Not sure what it takes to change the 'pillar' but looks like a bunch more rot around it. Rather than try to get all the 'right' sections, I'd cut out the rust and piece it in with sheet metal. Not sure what gauge that side stuff is. Panals are 20. Thats probably a little heavier. I think rockers are 16 or 18. If the rot on the floor is just in the flat area, I'd piece that as well. Spend the $ on things you cant make. And most important - closer to your goal of getting behind the wheel quicker.

Check out this thread.

http://www.forabodiesonly.com/mopar/showthread.php?t=192936

Love the comparison Poisondart makes to origami.

I have floor boards. It will be a while before a welder gets started. I need to get few more parts.
 
Cant wait for some more progress on this cliff.
Hopin to get patches for mine welded in soon. Seems mine will be easier to replace entire drivers side floor pan rather than patch it
 
You are making more progress than I am so far this year, so don't let me get you off track...but just a thought
I had been following your posts on getting things wired up for the welder. Not to get you off your plans for doing your wiring correct. I have the same one and did run a dedicated 20amp circuit. But.. that welder will function just fine on a 15 amp circuit and a 14 gauge extension in all but the highest range. For welding sheet metal you will be on the low end of the settings and probably never pull more than 5-7A. (You will be blowing holes before you would pop the breaker.) I never ran mine without gas, but it should have come with a roll of flux wire. I know some guys do everything with it. If nothing else, it would get you started and maybe take care of some of the stuff that won't be seen. Anyway, just thinkin out loud. Have fun
 
You are making more progress than I am so far this year, so don't let me get you off track...but just a thought
I had been following your posts on getting things wired up for the welder. Not to get you off your plans for doing your wiring correct. I have the same one and did run a dedicated 20amp circuit. But.. that welder will function just fine on a 15 amp circuit and a 14 gauge extension in all but the highest range. For welding sheet metal you will be on the low end of the settings and probably never pull more than 5-7A. (You will be blowing holes before you would pop the breaker.) I never ran mine without gas, but it should have come with a roll of flux wire. I know some guys do everything with it. If nothing else, it would get you started and maybe take care of some of the stuff that won't be seen. Anyway, just thinkin out loud. Have fun

Right now I don't have a dedicated circuit yet things is slow. But taking apart and making sure of all the rust issues and what needs to be repaired.
 
Damn. you are going to have to cut until you get into some solid metal to weld on to. that's a really bad spot to be rotted. I would skip the "pillar" or door jam and just fab pieces to fix whats there, unless you can just replace the rocker while you're at it .you are going to need something solid to weld the floor pan to. the best thing would be to just have the whole car blasted down to bare metal and go from there.
 
Damn. you are going to have to cut until you get into some solid metal to weld on to. that's a really bad spot to be rotted. I would skip the "pillar" or door jam and just fab pieces to fix whats there, unless you can just replace the rocker while you're at it .you are going to need something solid to weld the floor pan to. the best thing would be to just have the whole car blasted down to bare metal and go from there.

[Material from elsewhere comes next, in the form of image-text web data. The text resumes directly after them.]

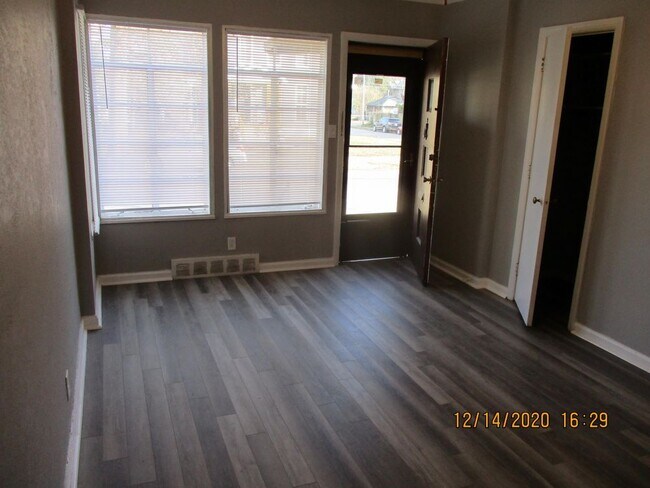 Building Photo - 727 South 6th Street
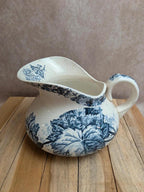 Petit broc joufflu ancien en terre de fer – décor floral bleu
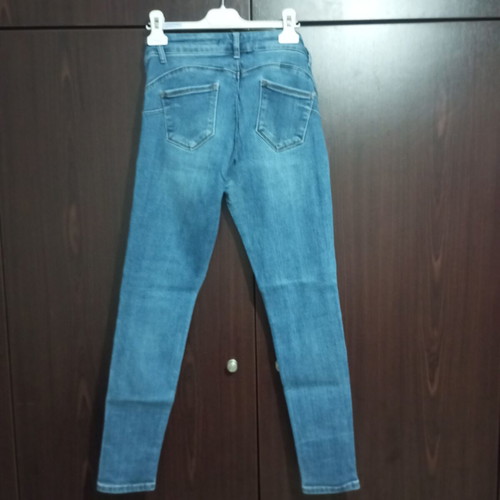 Women's denim jeans size 28 used
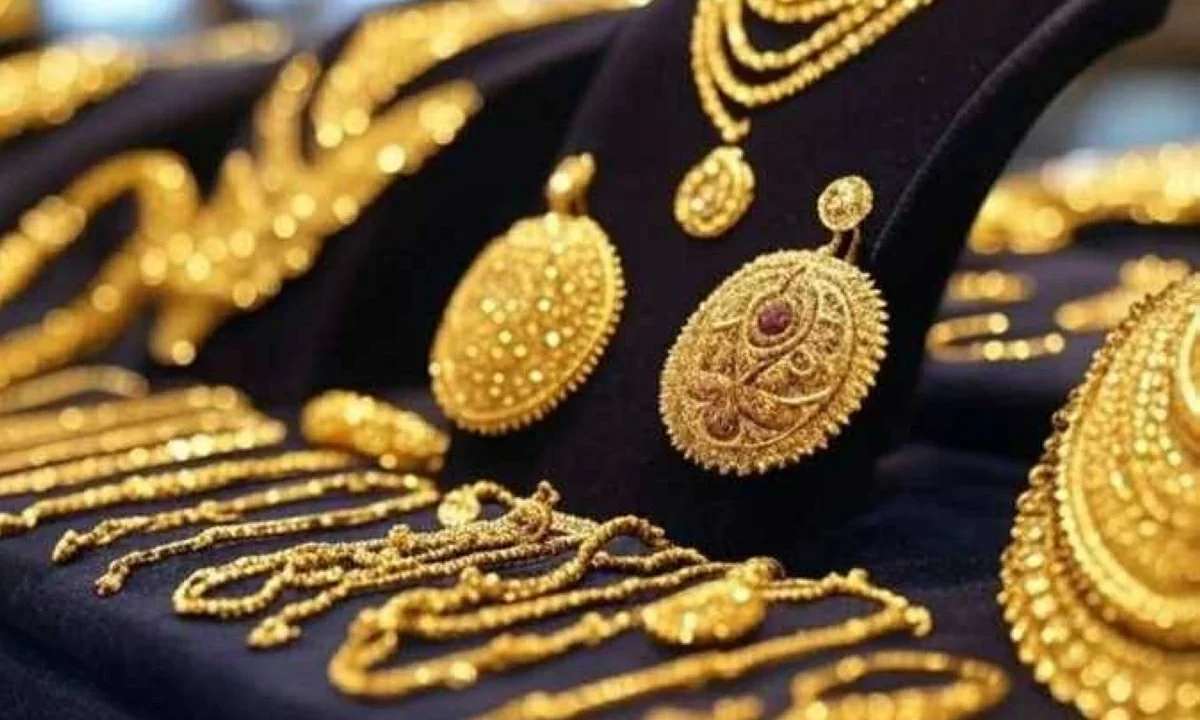 عيار 21 الآن بالمصنعية.. سعر الذهب اليوم الاثنين 15 يونيو 2026 بالصاغة بعد الصعود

Yeah the rockers are rotten. :banghead:
 
Keep up the good work cliff, you can cut out the rust and make singular patches and weld and grind em till they look and work right.....IT's JUST METAL
 
Keep up the good work cliff, you can cut out the rust and make singular patches and weld and grind em till they look and work right.....IT's JUST METAL
Thanks Curtis but this will be hard to do. My skill level is not that good. The A pillar will need replaced along with the outer rocker. I have a feeling the inner rocker is rotted.